Five government teams dealing with Japan's tsunami and nuclear catastrophes kept no detailed records, an official said Friday, adding to a growing picture of chaos in Tokyo's disaster response.

Earlier this week the government said the nuclear disaster task force that ordered tens of thousands of evacuations had no written record of its decision-making process -- an essential component of disaster management.

Now the government has admitted having no minutes from a further four emergency committees, an admission likely to worsen the view of Tokyo's response to the world's worst nuclear accident since Chernobyl.

The five emergency bodies include the main disaster headquarters and the disaster victims assistance team, as well as the nuclear disaster task force, which was headed by then Prime Minister Naoto Kan and included all of his ministers.

These three committees failed to keep even brief summaries of their meetings, while two other task forces have only partial summaries.

Such records are usually thought of as essential for careful and coherent planning to mitigate the impact of future disasters.

Several other emergency committees kept only summaries of their meetings, leaving blanks in the record of how top officials addressed the aftermath of the tsunami and the atomic accident it spawned at Fukushima as reactors went into meltdown, spewing radiation over a wide area.

Deputy Prime Minister Katsuya Okada has instructed ministers to create summaries of the meetings by the end of February, an official at the Cabinet Office said.

Okada plans to hold a press conference later Friday to explain how the government failed to keep the records, the official said.

Kazuhiro Hayakawa, associate professor of administrative law at Omiya Law School said the lack of a written record was "ridiculous" and almost certainly a contravention of the legal requirement to keep minutes.

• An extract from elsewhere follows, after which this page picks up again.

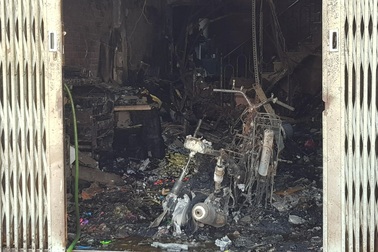 Cháy tiệm photocopy ở TPHCM, bé trai 2 tuổi tử vong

"No matter how much of an emergency it was, it is absurd that they did not keep records of the meetings, which were no doubt subject to the Archive Management Law" requiring a written record, he said.

"I doubt it was intentional on the part of the government. But I suspect government officials lacked a clear chain of command to order the creation of the records.

"This failure has deprived us of the possibility of studying what exactly happened" immediately after the disaster, he said.

Opposition parties leapt on the admission, calling it an example of the inexperience of the ruling Democratic Party of Japan.

"This is symbolic of the recklessness of the government," said Hirofumi Nakasone of the leading opposition Liberal Democratic Party.